A growing number of policymakers believe that investing in women and girls’ empowerment can reduce these and other gender-based inequalities. The United Nations' Sustainable Development Goal 5, for example, seeks to achieve gender equality and empower all women and girls. Increasing empowerment is also seen as a promising strategy to unlock greater economic growth in low- and middle-income countries.

In order to design effective policies and programs, however, researchers, policymakers, and practitioners must be able to accurately measure women’s and girls’ empowerment. A new research resource from MIT’s Abdul Latif Jameel Poverty Action Lab (J-PAL) addresses this challenge.

Co-authored by Rachel Glennerster, chief economist at the UK Department for International Development and former executive director of J-PAL; and Lucia Diaz-Martin and Claire Walsh of J-PAL, the “Practical Guide to Measuring Women’s and Girls’ Empowerment” offers guidance on strategies to help navigate and overcome common challenges in effectively measuring empowerment in impact evaluations.

Evaluating impact

Researchers can rarely observe people’s decision-making in real-time, and survey questions that ask study participants about decision-making do not always lead to reliable responses, particularly when questions touch on sensitive topics. For these reasons, it can be hard for researchers and practitioners to identify whether a social program or intervention actually increased people’s decision-making power, a common measure of empowerment.

Beyond survey challenges, questions arise around which outcomes best capture changes in empowerment. For example, should researchers focus on measuring educational attainment? Agency in household or community decision-making? Employment and control over income? Women and girls experience constraints that are deeply tied to their specific context. Because these constraints can vary so widely, what empowerment looks like for female students in Ghana might be very different from what it looks like for women living in a rural village in India. Researchers often grapple with how to generalize lessons learned from a particular program when what empowerment looks like can vary greatly around the world.

J-PAL’s new guide draws on strategies from multiple academic disciplines to tackle these measurement issues. Rich with case studies and concrete examples, it outlines actionable steps to improve measurement.

Determine local context

Understanding the local context is key. Before trying to measure empowerment in an impact evaluation, researchers must have a nuanced picture of the local context and the specific barriers that women face when trying to make meaningful choices about their own lives. Qualitative research methods such as semi-structured interviews, needs assessments, direct observation, and focus groups can help by creating repeated opportunities to listen closely to the people living in a particular community. A measurement strategy to quantify empowerment is only as good as researchers and practitioners’ understanding of gender and power dynamics in the local context.

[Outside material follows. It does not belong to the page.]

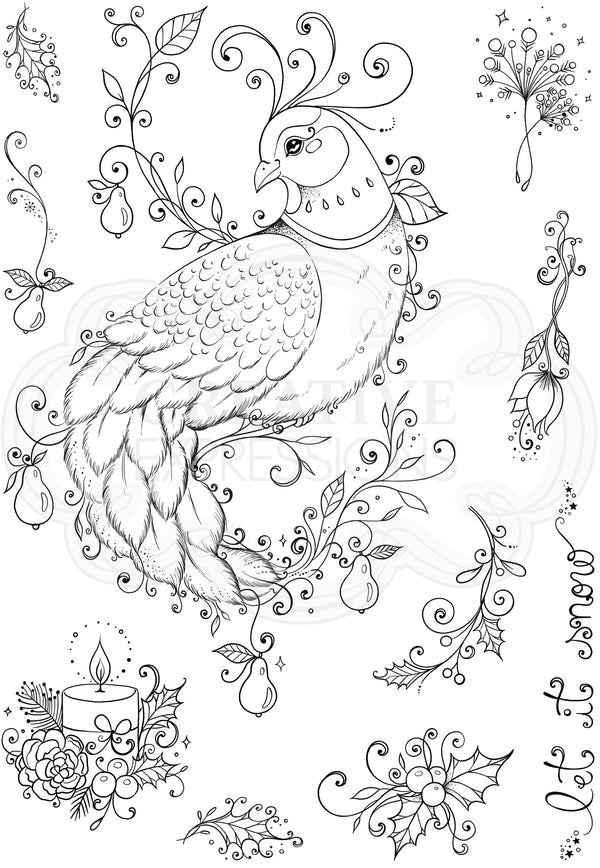 Pink Ink Designs A5 Clear Stamp Set - In A Pear Tree*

In an evaluation in Bangladesh, for example, Glennerster and co-authors were interested in measuring adolescent girls’ mobility. After several focus groups with adolescent girls they learned that asking the generic question “How far away can you travel from home by yourself?” would not capture how a girl’s mobility was constrained, because the answer depended on what she was doing and for whom. Girls could travel to and from school alone, but they could not travel alone to do things that only had value to them, like going to local fairs. Since empowerment is about people’s abilities to make choices that matter to them, researchers added a question about mobility for activities that only had value to the adolescent girls in addition to the usual questions about going to school or visiting relatives.

Develop a theory for how intervention generates impact

Developing a clear theory of how an intervention generates impact can help researchers select accurate indicators of empowerment. To identify the outcomes of a women’s empowerment program (the change or impact we expect to see) and indicators (observable signals we use to measure that change), researchers and practitioners need a deep understanding of the pathways through which the program can affect people’s lives.

Mapping these pathways, from program inputs (like funding and staff time) to long-term outcomes, is also known as a “theory of change” and results in documentation of a program’s logical chain of results. This mapping process helps clarify appropriate measurement indicators, and helps researchers identify which assumptions must hold true for the program to succeed.

Develop a plan and carry out testing

Once researchers decide what outcomes to measure, they should develop and pilot data collection instruments in communities similar to ones where the evaluation will take place. This is an important reality check to make sure surveys work in local contexts.

For example, many commonly used survey questions to measure household decision-making are hard to ask and answer in practice. In Bangladesh, Glennerster and co-authors found that women gave very different answers to the general question, “Who usually makes decisions about healthcare for yourself: you, your husband, you and your husband jointly, or someone else?” and the more specific question, “If you ever need medicine, could you go buy it yourself?” Piloting different versions of a question can help researchers learn whether they are truly capturing the information they think they are. 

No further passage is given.